Australia paceman Mitchell Johnson says he has little sympathy for the troubles of England captain Alastair Cook.
Cook's side were thrashed 5-0 by Australia in the Ashes, with his own struggle for runs adding to his woes.
"I don't think I'm going to feel sorry for an opposition player," said Johnson, who was Australia's star as he took 37 wickets in the series victory.
"We all go through our highs and lows and I understand that and have been through it like any other cricketer."
Cook scored just 246 runs in 10 innings during the Ashes, and was dismissed for four as England were beaten by Australia in the first of five one-day internationals.
He also managed only one in a game against the Prime Minister's XI on Tuesday, England's first win on the tour for two months.
"It's definitely very tough for him at the moment," said Johnson, who is set to return to the Australian side for Friday's second ODI after being rested for the opener.

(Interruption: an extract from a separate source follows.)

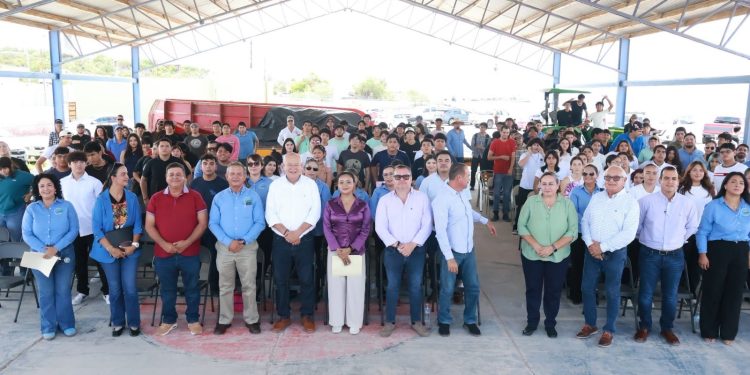 BENEFICIA GOBERNADOR VICTOR CASTRO A LA UNIVERSIDAD TECNOLÓGICA DE LA PAZ CON MÁS DE 5 MDP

"Obviously everyone looks up to their captain so I'm sure he's finding it very hard at the moment.
"There's a lot of pressure on him and he's definitely feeling it."

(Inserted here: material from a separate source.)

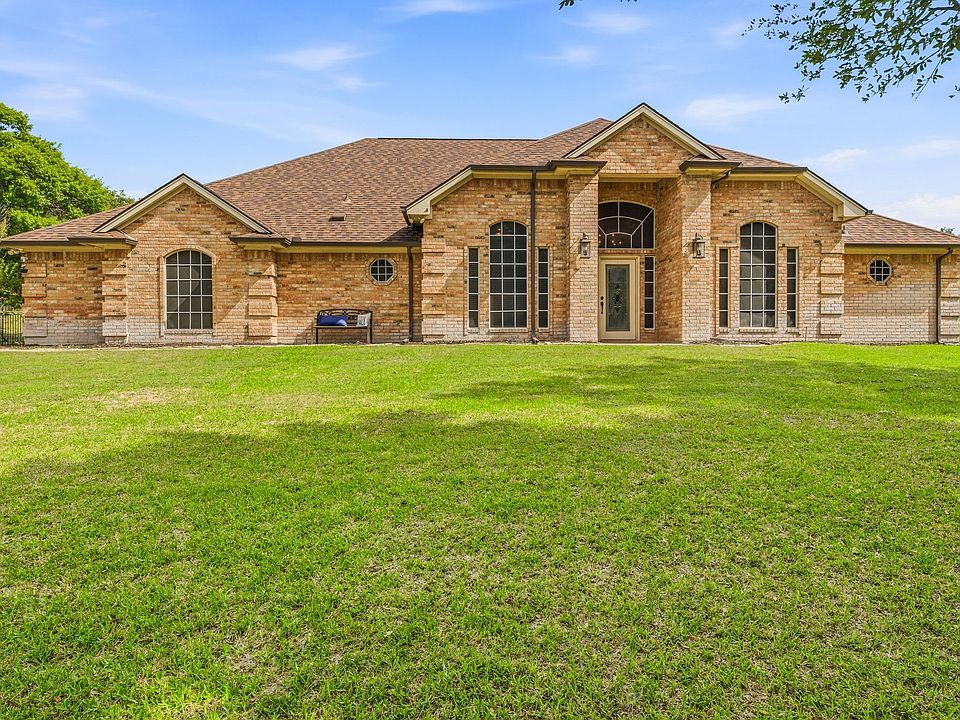 1st image of 3625 Four Trees Dr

Meanwhile, former England captain Mike Brearley, who led England to a home Ashes win in 1981, says he believes time away from the game can help Cook.
"He is having an exceptionally hard time. He can't score the runs that he usually scores and it's relentless defeat after defeat," Brearley told BBC Sport.
"To keep one's chin up without getting intense and tense and anxious is almost impossible under that kind of scrutiny and exposure. He is doing as well as he can do.
"It is maybe that he really does need a bit of time away, which he will get after the one-day internationals are over and he can have two or three months when he can go onto his wife's farm, drive a tractor, have a few beers and forget about cricket for a while. That would be the best thing for him."